Aujourd’hui, vos œuvres sont reconnues par la communauté artistique et par les amateurs de peinture. Quel est votre meilleur souvenir ?
Le succès est venu petit à petit. J’ai commencé par vendre des toiles à des gens qui venaient chez moi : un agent immobilier, des amis… Même lorsque j’ai remporté un prix d’excellence lors d’une exposition au Canada, je suis restée joyeusement incrédule. On ne sait pas si on peut vraiment croire notre entourage. Peu à peu, on élargit le cercle, on participe à de plus en plus d’expositions. Le milieu est très concurrentiel, c’est le moins qu’on puisse dire ! Tout le monde à présent peut se déclarer peintre. Difficile d’estimer son propre talent à l’aune de celui des autres et de ce que nous renvoie la politique culturelle en France. Je ne sais pas si j’ai des meilleurs moments d’exposition. J’ai en revanche des grandes joies créatives et des rencontres passionnantes. Je viens par exemple de terminer la commande d’un immense portrait (1m30 x 1m60), belle rencontre et aventure passionnante et périlleuse à la fois.
Vos œuvres sont très personnelles et vous avez choisi un support original, des feuilles de vieux livres ou de journaux. Qu’aimez-vous dans ce recyclage ?
J’ai toujours été fascinée par le collage. C’était aussi une façon de rompre avec mon passé de juriste. J’ai commencé par détruire certains des ouvrages qui étaient sur ma table de travail. Par la suite, mon choix s’est porté sur des livres plus anciens dont j’aimais les typographies, les couleurs, les matières. Au départ, il y a le papier et les mots. Ensuite vient le visage en transparence, ce qui donne à mon sens un supplément d’âme et une impression de flottement. Ce qui m’intéresse c’est que soit toujours apparent ce qu’il y avait au départ : la trame, les fissures, les craquelures, l’ouvrage du temps. Dans mon travail, le poids de l’histoire est important, il y a comme un fil d’Ariane qui se tisse que j’essaie de tirer, puis de remonter aussi loin que je peux.
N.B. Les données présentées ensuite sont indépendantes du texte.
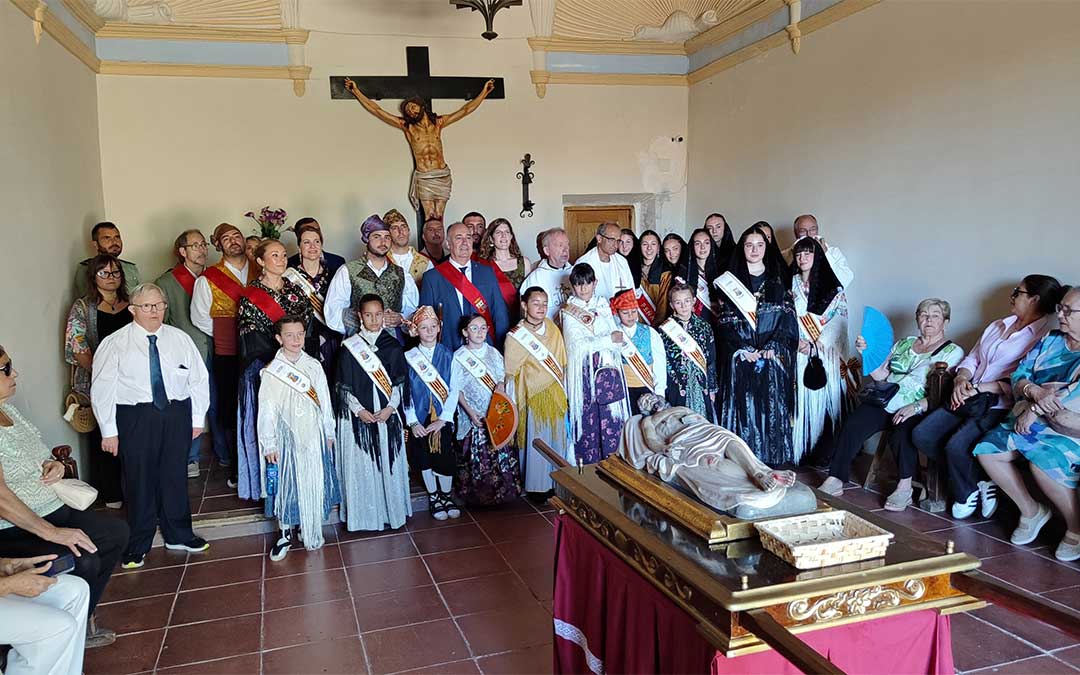 Foto para el recuerdo de la corporación, pregonero y Majas en la ermita del Calvario ante el Sepulcro Glorioso en el día grande de las fiestas de Alcorisa 2026. / Alberto Gracia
Il y a aussi une forme d’humour, d’ironie, de mise à distance. Dans un nu réalisé il y a quelques temps, il y a inscrit dans une de ses courbes les plus évocatrices « le conseiller des familles ». La relecture est parfois hilarante !
Quels supports préférez-vous et comment procédez-vous pour allier une base tout à fait éclectique à la peinture ?
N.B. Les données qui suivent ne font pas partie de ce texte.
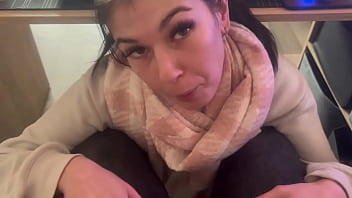 Coquette and brad pov je le suce et il éjacule dans ma bouche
Tant qu’il y a du papier, tout me va : toile, bois, feuille libre… On va dire que ça dépend des circonstances de l’inspiration et de la capacité de stockage de mon atelier. J’utilise principalement de l’encre ou de la peinture acrylique extrêmement délayée. Je ne sais pas du tout comment je procède. C’est purement intuitif et il m’arrive souvent de me tromper. Chaque œuvre terminée est en réalité un vrai miracle à mes yeux ! Ce qui est certain, c’est que, même si je réalise le même portrait, le résultat final est toujours différent, preuve que le collage préalable permet d’infinies variations.
Vous peignez essentiellement des portraits. N’avez-vous jamais envisagé les paysages, des bâtiments… ?
Je peins parfois des paysages mais toujours sur une base papier. Cela me permet de me reposer entre deux portraits. Cependant je dois dire que je n’éprouve pas la même émotion. Chaque visage est pour moi un continent, une terre inconnue, un océan.
Votre atelier se trouve proche de Montpellier. N’avez-vous jamais songé à travailler en extérieur, de transposer votre atelier pour le temps d’une création au milieu de la nature ?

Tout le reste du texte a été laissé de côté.